Julia with Convex.jl
x = Variable() problem = minimize(c'*x, [A*x == b, x >= 0]) solve!(problem, SCS.Optimizer) problem.optval, x
Julia with JuMP
model = Model(SCS.Optimizer) @variable(model, 0 <= x) @objective(model, Min, c'*x) @constraint(model, A*x == b) optimize!(model)
Both of these interfaces exploit Julia’s powerful syntax transformations for all sorts of clever features that are largely impossible in C or Matlab. But back to Matlab’s advantages, I don’t want a super-general optimization tool, I just want to solve a simple LP.
Maybe I’m writing a package where I expect people to play around with various LP solvers, or I want to give them that option. How would I do this? This is where Julia design paralysis sets in. It’s definitely possible, but there are many possible ways to treat these issues and few conventions that would simplify or suggest the design.
So what’s my recommendation or advice? The simplest thing is to treat Julia like C and fix a small set of types that will work with the code. Then try and grow this into more general interfaces over time. This is essentially a restatement of Knuth’s “premature optimization dictum” https://en.wikiquote.org/wiki/Donald_Knuth
The real problem is that programmers have spent far too much time worrying about efficiency in the wrong places and at the wrong times; premature optimization is the root of all evil (or at least most of it) in programming.
Don’t be afraid to hardcode Float64, Int, etc. and don’t feel obliged to be fully type general. (Type general functions are very hard to get right and are best done after a few tries with simpler hardcoded type functions.) This will have the side effect of making fewer calls to the Julia compiler when you call functions.
Avoid trying to use clever Julia tricks in initial designs.

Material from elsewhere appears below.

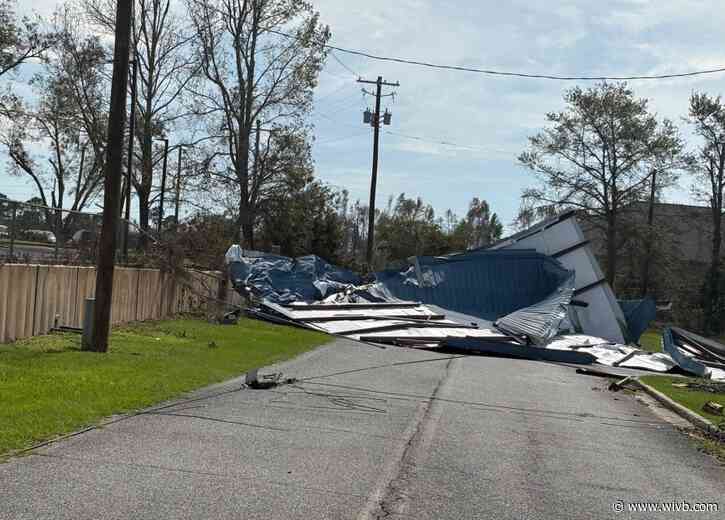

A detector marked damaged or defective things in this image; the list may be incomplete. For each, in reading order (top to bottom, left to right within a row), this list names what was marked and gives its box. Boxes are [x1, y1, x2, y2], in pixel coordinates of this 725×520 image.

cracked asphalt road [0, 340, 720, 516]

Keep it simple and straightforward like C.
Don’t provide flexibility where it isn’t (yet) useful.
Don’t be afraid to make horrible breaking changes in future code revisions. The Julia devs drove some of us nuts with constant breaking syntax changes through 0.2 - 0.7 as they evolved and revisited decisions. Designing without reality is impossible.
Back to Knuth though, with a variant with yet more relevant context.
Programmers waste enormous amounts of time thinking about, or worrying about, the speed of noncritical parts of their programs, and these attempts at efficiency actually have a strong negative impact when debugging and maintenance are considered. We should forget about small efficiencies, say about 97% of the time: premature optimization is the root of all evil. Yet we should not pass up our opportunities in that critical 3%.
The goal of these initial design ideas is to find that 3%. That can only be done once an initial framework is established.
And too close, let’s go back to Knuth.
Science is knowledge which we understand so well that we can teach it to a computer; and if we don’t fully understand something, it is an art to deal with it.
This exemplifies good Julia design, and why it is so hard. Good Julia design flows from a deep understanding of the topic and an appreciation of where similarities and differences lie that is often a contribution in itself.